Hoy, de paseo por León, he vuelto a entrar en el Cine Pasaje. O mejor dicho, en el supermercado que ahora ocupa su lugar. Como un acto de protesta contra la realidad de los tiempos, he entrado con la intención de no comprar nada, sólo para recorrer los pasos nostálgicos que mis pies como zarpas nunca olvidaron.

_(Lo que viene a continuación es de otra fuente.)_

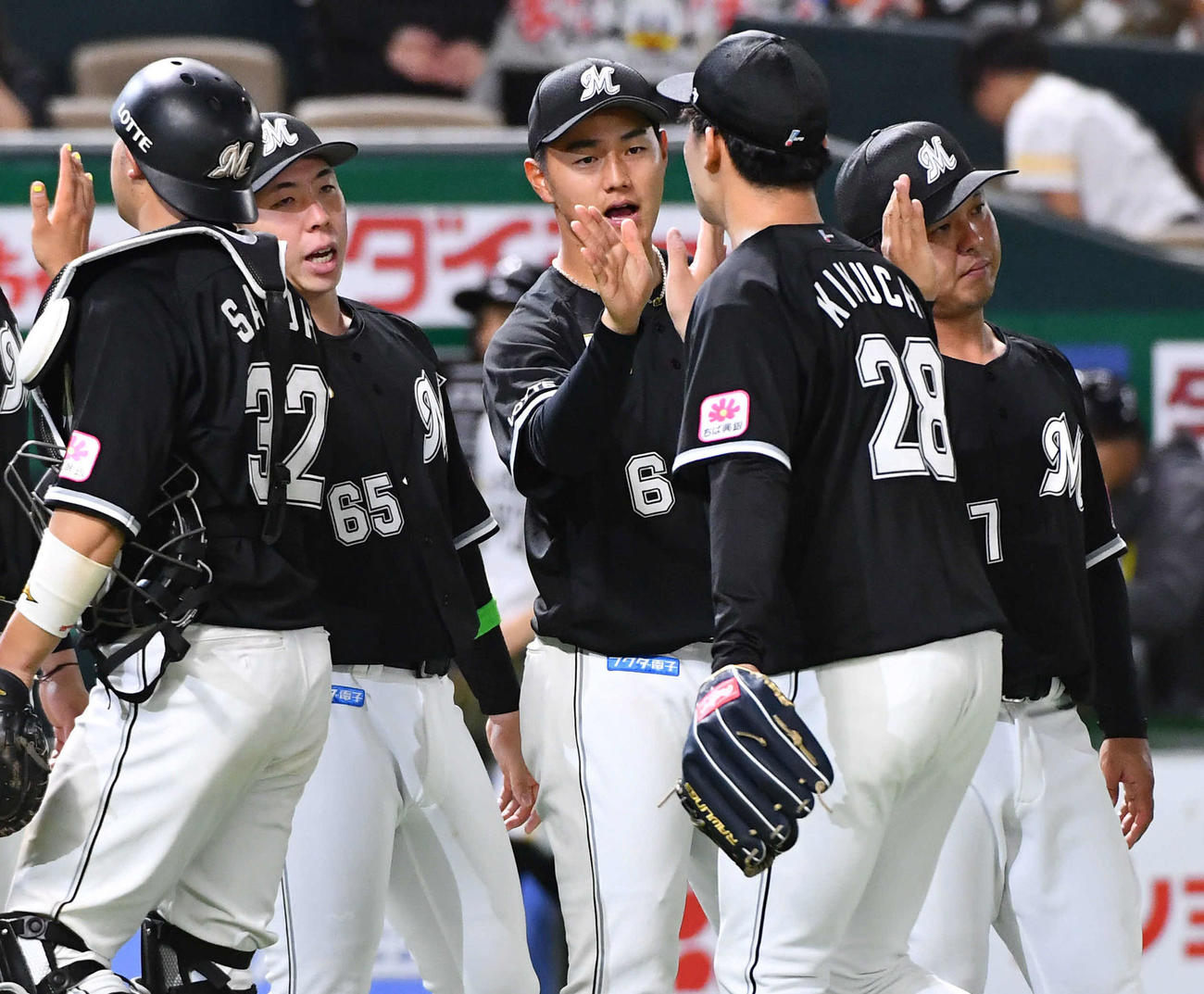 ソフトバンク対ロッテ　開幕戦でソフトバンクに勝利し、最終回を抑えた菊地（右から2人目）らナインとハイタッチするロッテ西川（撮影・岩下翔太）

    Mientras la clientela del supermercado inspeccionaba ingredientes, calculaba descuentos y llenaba las cestas con productos, yo me he instalado en una realidad holográfica en la que el Cine Pasaje se superponía a los estantes y volvía a la vida en un sueño nostálgico que me escocía en los lagrimales. A la izquierda, nada más entrar, donde ahora está el expositor de pan y la bollería industrial, he visto a mi padre resolviendo crucigramas en su pequeño garito, esperando que terminara la función para abrirle la puerta a la muchedumbre, cerrarla de nuevo durante unos minutos y volver a instalarse en ella ya peripuesto y uniformado, con la gorra y la librea, sonriente y algo encorvado, buenas tardes, buenas tardes, dando la entrada al nuevo grupo de soñadores… Unos pasos más allá, donde los lácteos y los huevos, he visto la puerta que daba acceso a la cabina de proyección escaleras arriba, donde Juan y Santiago me dejaban enredar con los recortes de celuloide y me permitían ver las películas desde el ventanuco por el que ellos vigilaban la calidad de la proyección. Al lado justo del otro ventanuco, el primordial y mágico, el que atravesaba el haz de luz que convertía los fotogramas estáticos en personajes vivientes que en la pantalla se daban besos, se pegaban tiros o se perseguían como centellas por los rincones de la galaxia muy lejana.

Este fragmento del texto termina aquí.